#### AVAILABLE DATA

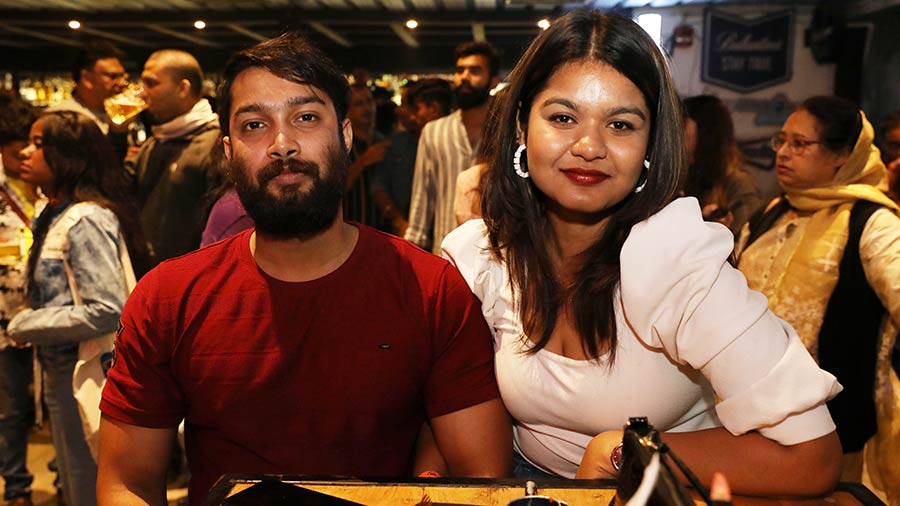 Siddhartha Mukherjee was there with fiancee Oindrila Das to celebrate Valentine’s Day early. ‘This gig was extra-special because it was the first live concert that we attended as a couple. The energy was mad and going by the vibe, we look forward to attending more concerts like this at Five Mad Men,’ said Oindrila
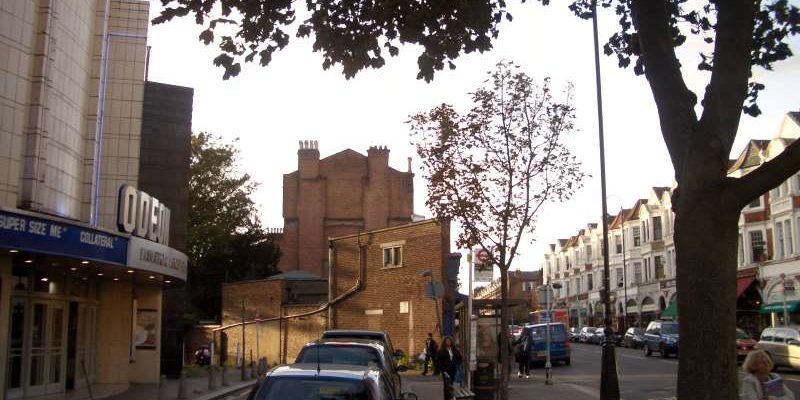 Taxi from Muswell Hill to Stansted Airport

* * *

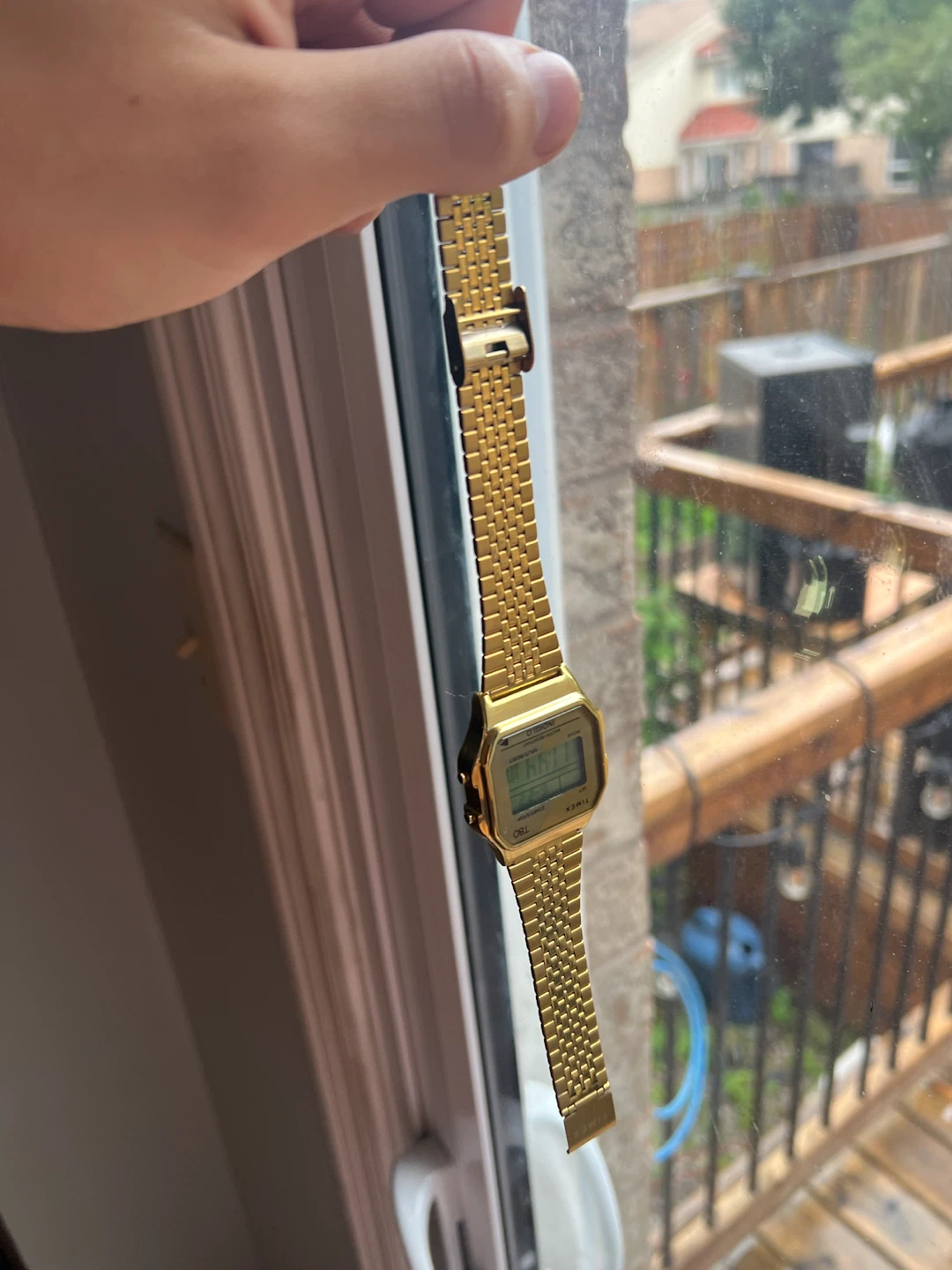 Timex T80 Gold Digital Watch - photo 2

#### REQUIRED ACTION
Both boundary lines included, write out word for word only the lines above from the one containing "Siddhartha Mukherjee was" to the one containing "Taxi from Muswell Hill to Stansted Airport", leaving out any pictures.

#### ANSWER SECTION
 Siddhartha Mukherjee was there with fiancee Oindrila Das to celebrate Valentine’s Day early. ‘This gig was extra-special because it was the first live concert that we attended as a couple. The energy was mad and going by the vibe, we look forward to attending more concerts like this at Five Mad Men,’ said Oindrila
 Taxi from Muswell Hill to Stansted Airport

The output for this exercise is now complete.